Clinical presentation, diagnostic features, and management strategies were our primary objectives. Diagnostic features of AIDHmut of the PCF were examined, including clinical presentation, imaging findings, and differential diagnoses. The review also investigated the management strategies, including surgery, CHT, and/or RT. The secondary objectives were to assess the efficacy of these approaches based on clinical outcomes, survival, and recurrence rate.

Statistical analysis

Descriptive statistics were reported including means and proportions. No formal statistical comparisons were performed due to small sample sizes and insufficient power to detect differences between groups.

Results

Illustrative case

An 18-year-old male with no prior medical history presented with progressive intracranial hypertension and gait disorder over three weeks. His family history was notable for a cerebral rhabdomyosarcoma for her mother, treated 30 years earlier. Clinical examination showed cerebellar ataxia, adiadokokinesia predominantly on the left side, and subtle nystagmus. Ophthalmological assessment revealed mild bilateral papilledema. Brain MRI demonstrated an extensive left cerebellar lesion with pontine infiltration. The lesion appeared hypointense on T1-weighted sequences without tumoral enhancement after gadolinium injection – hyperintense on T2 and T2 FLAIR sequences (Fig. 1, A, B, C & D). There was associated triventricular hydrocephalus. The patient underwent urgent surgical intervention, first with third ventriculostomy followed by a subtotal resection of the cerebellar lesion a few days later.
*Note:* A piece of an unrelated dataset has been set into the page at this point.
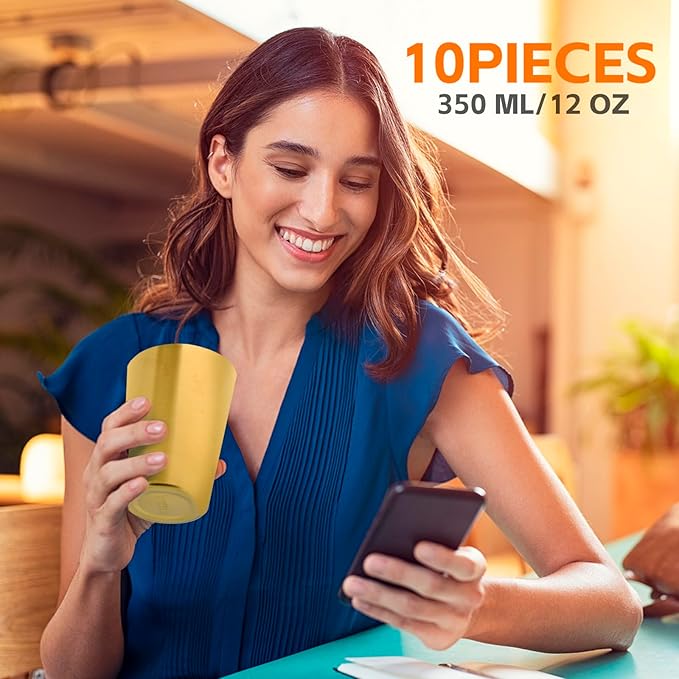 10 Pack 12 oz Stainless Steel Insulated Cup, Double Wall Vacuum Small Metal Cup, Reusable Camping Cups Unbreakable Indoor Outdoor for Party, Home, Office, BBQ, Gold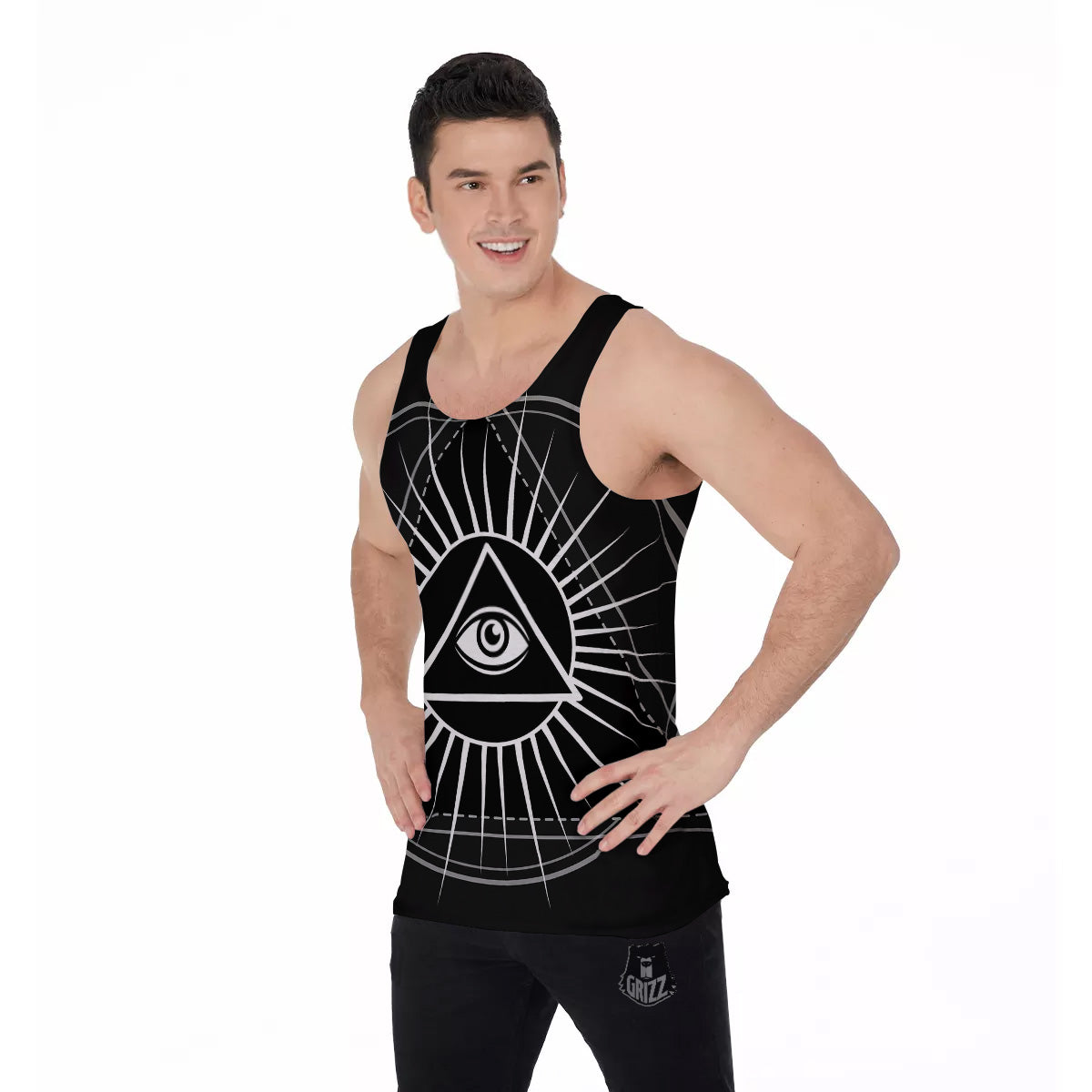 All Seeing Eye White And Black Print Men's Tank Top-grizzshop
Histopathological and molecular analysis confirmed the diagnosis of WHO grade III anaplastic astrocytoma. Molecular findings included the absence of an IDH1 R132H mutation but revealed a minor IDH1 mutation (IDH1 R132G). There was a TP53 mutation, loss of nuclear ATRX expression, and unmethylated MGMT. The Ki-67 proliferation index was 50%. Genetic counseling ruled out Li-Fraumeni syndrome, the patient is does not have genetic condition. Following a multidisciplinary tumor board discussion, the patient underwent six cycles of chemotherapy (procarbazine, lomustine, and vincristine [PCV]) with adjuvant radiotherapy (60 Gy in 33 fractions) initiated between the third and fourth chemotherapy cycles. Post-treatment, the patient remained radiologically and clinically stable. PET-CT showed no hypermetabolism, and MRI revealed no concerning contrast enhancement (Fig. 1E, F, G & H). To this day, at 36 follow-up, the patient is working with accommodations for residual deficits, including exertional fatigue, noise intolerance, and mild residual cerebellar ataxia.

Fig. 1.

Preoperative (A, B, C & D), one-year postoperative (E & F), and two-year postoperative Brain MRI. (G & H). A preoperative axial T2-FLAIR MRI. B preoperative axial contrast-enhanced (CI) T1-weighted imaging (WI) MRI. C preoperative sagittal CI T1-WI MRI. D preoperative coronal T2-WI MRI. E one-year postoperative axial CI -T1-WI MRI. F one-year postoperative axial T2-FLAIR MRI. G two-year postoperative axial CI T1-WI MRI. H two-year postoperative axial T2-WI MRI

Literature review

Literature search

A total of 156 papers were identified after duplicate removal. After title and abstract analysis, 19 articles were identified for full-text analysis. Eligibility was ascertained for 6 articles. The remaining 13 articles were excluded for reasons including (1) language other than English (3 articles), (2) glial lesions other than astrocytomas (4 articles), (3) lack of 2021 WHO grade classification (3 articles), (4) lesions not located in the CPA region (3 articles). Figure 2 shows the flow chart according to the PRISMA statement [19–24].

Fig. 2.

PRISMA flow diagram depicting the literature search process

Pooled analysis

Including our Institutional case, a total of 19 patients harboring IDH-mutated astrocytoma in the posterior cranial fossa were studied in our systematic review. A male predilection (15:4) was observed. The median age was 31 years (range 17–52). According to the recommended age groups of the AYAO PRG [18], the series included 1 pediatric patient (17 years), 13 young adults (18–35 years: 18, 19, 21, 23, 24, 24, 27, 29, 32, 32, 33, 34, 35 years), 5 adults (36–49 years: 36, 38, 43, 49, 52 years). The median pre-treatment Karnofsky Performance Score (KPS) across the 19 patients, excluding the two with ‘not reported’ values, was calculated to be approximately 80.6.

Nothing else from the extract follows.